Conventional wisdom—and overwhelming statistical evidence—says that top NFL running backs have about eight seasons of high level production in them, and this eighth season usually coincides with the player turning 30. The pounding these guys take over the years as their team’s top ball carrier accumulates, ultimately resulting in legs that no longer have the vibrancy they once had. These former stars usually hang on for another year or two, where they move to a different team and then struggle as their yards per carry dwindle until they are forced to the sidelines for good.
Over the years as a rabid NFL fan, I have watched this scenario play out over and over again. Players such as Eddie George, LaDainian Tomlinson, Jerome Bettis, and Shaun Alexander all put up a dominating 7-9 years before their production falls off a cliff right around age 30. It is strange to watch a player who once showed unearthly power and explosion suddenly transform into a plodding statue unable to run by defensive ends or make mediocre middle linebackers miss. I know these guys have made millions of dollars and will always be celebrities, but it is hard not to have sympathy for them as they must unwillingly come to terms with their deflated abilities.
So where does this leave us Viking fans with AP? Yes, we’ve all heard football experts say things like “Adrian’s different” or “Peterson at 75% is still a force to be reckoned with.” I want to believe these optimistic assessments as much as any Viking fan, but I heard the same things said about George, Tomlinson, and Alexander while in their 20′s.
Especially Eddie George, an iron man who never missed an NFL game due to injury his entire career. He was a mountain of a human at 6′ 3″, 240 lbs, and he plowed through defenses for 8 seasons before suddenly “losing his legs”. Yes, George was overworked by the Titans, but the only reason Peterson hasn’t kept pace with George’s number of attempts is because AP had his awful knee injury and has only played a full 16 games 3 of his 6 years in the league.

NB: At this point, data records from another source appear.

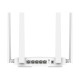 Router CUDY WR3000E WR3000E – Cudy Безжични рутери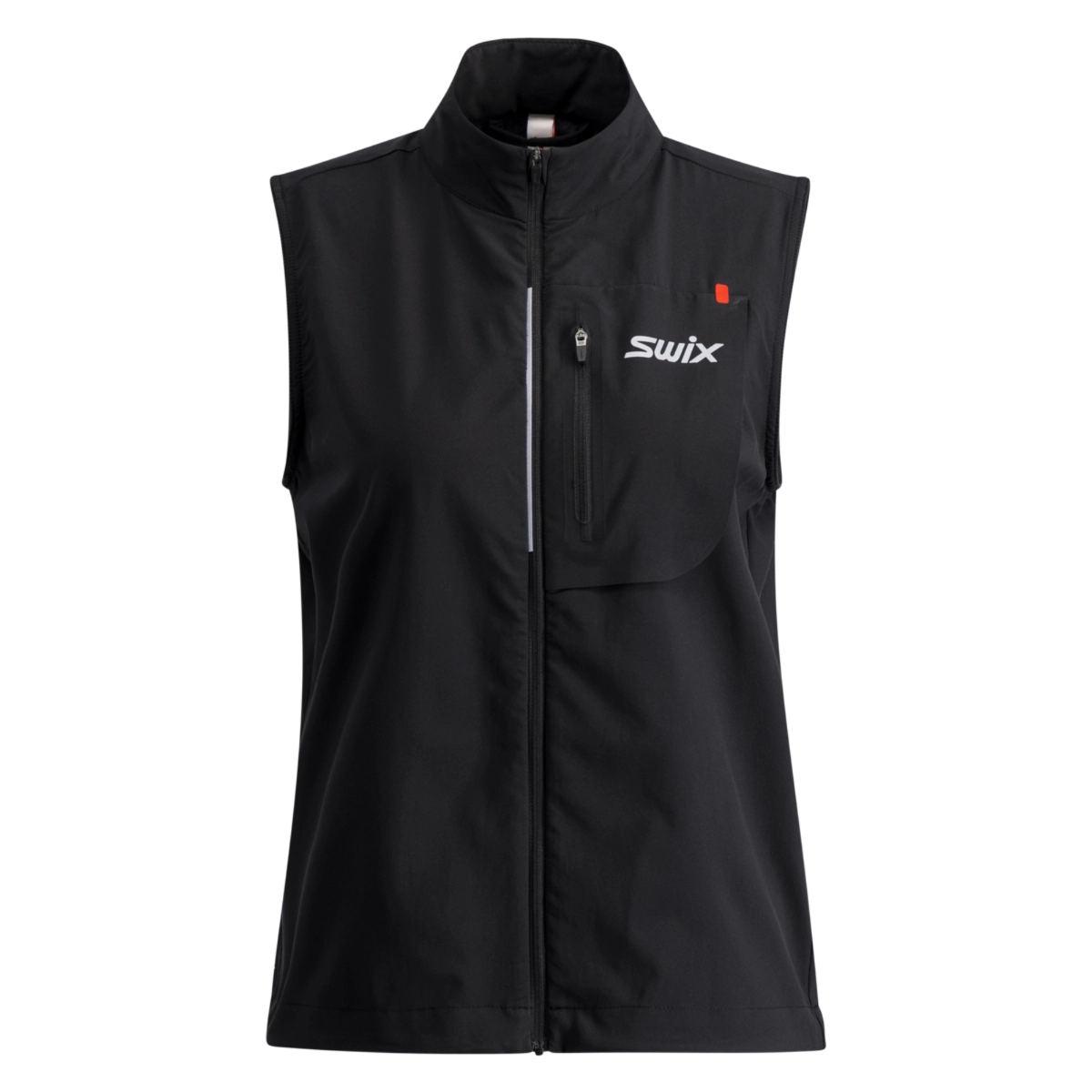 30K VEST W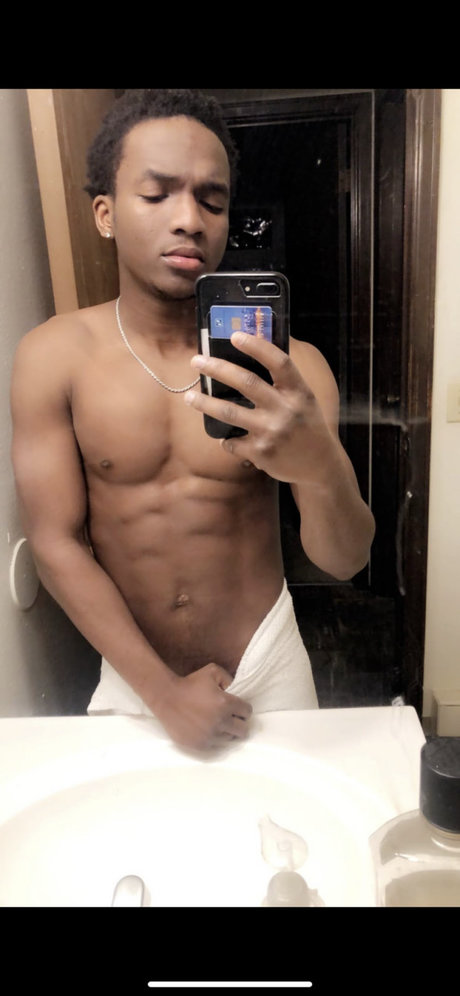 Mamba pornographic actress gallery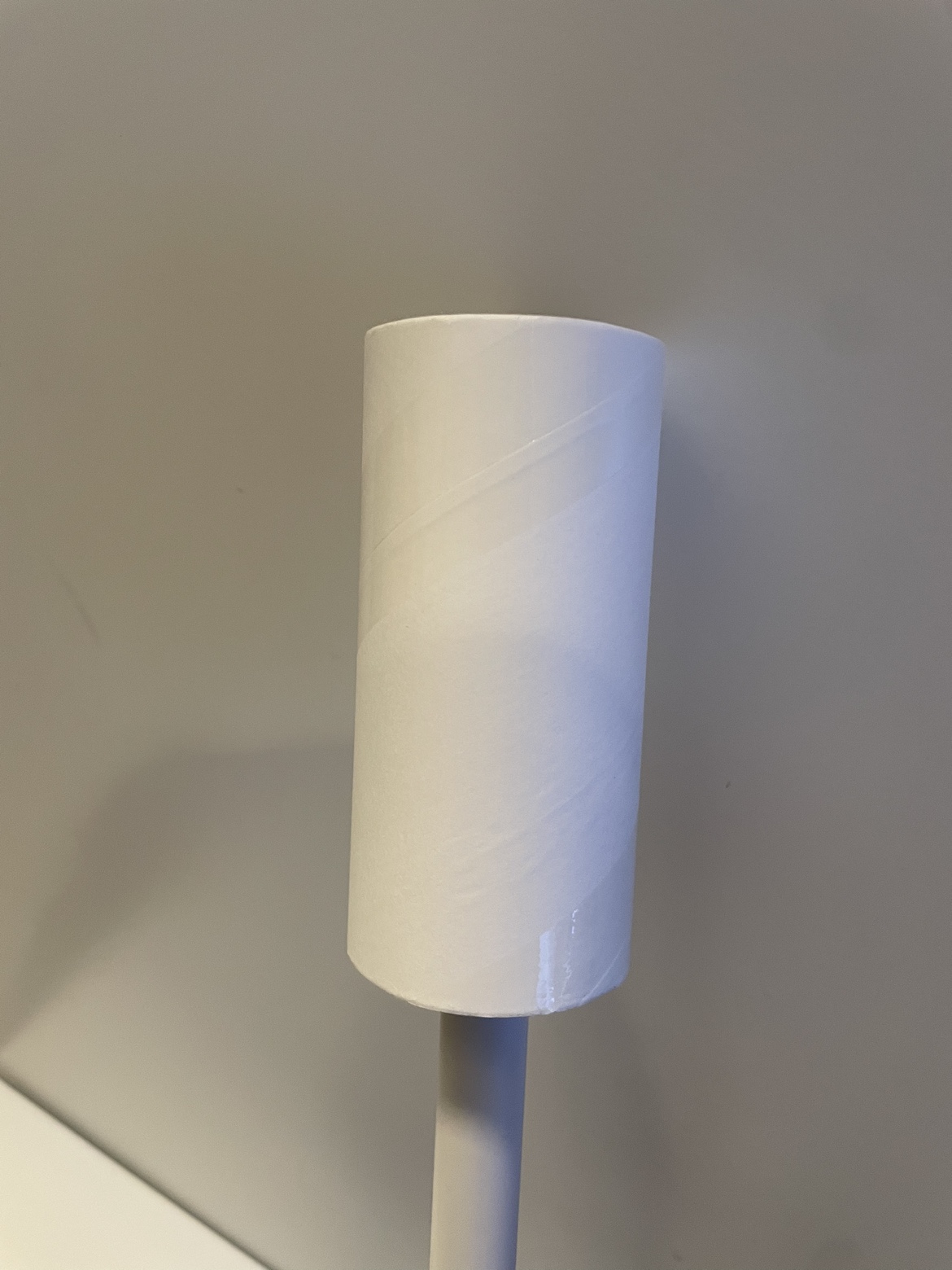 MUJI Lint Roller - photo 4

These are not compelling reasons to believe his career will exceed that of George’s.
So what is the silver lining to this gloomy cloud of imminent decline? In all likelihood we fans will be privileged to witness a minimum of two more years of AP at his apex. Two (hopefully) full seasons of our guy running over cornerbacks, juking linebackers out of their jocks, and sprinting past safeties as though they were trees planted in the turf. It will be two tremendous seasons of the Vikings’ improving offensive line providing yawning holes, making it easy for Pro Bowl fullback Jerome Felton to zero in on his blocking target and pancake him as AP turns on the jets into daylight. Provided good health, All Day will have us high-fiving and jig-dancing repeatedly the next two campaigns. He will cement his place as the greatest running back in the history of the NFL.
That’s why now is the time for the Vikings to make another deep playoff run and be contenders. They were on the edge of greatness in 2009, descended into the deepest depths of loserness in 2011, and are once again on the rise. We all know a running back by himself cannot carry a team to a Super Bowl, but he sure can make up for deficiencies in other areas. If AP performs such as he did last season, the Vikes only need the defense to be a bit better and the QB to be somewhat more consistent than last season. If we see that out of the purple this year, then a Super Bowl is a realistic goal.
Could Adrian Peterson truly be different and run right through the RB “wall”? Could he put up his crazy stats until he is 32 or 33? Sure, it’s possible; he is a singular talent. But history tells us that the chances are slim, so the time is now for the Vikings if the NFL’s best running back is to ever hoist the Lombardi Trophy over his head.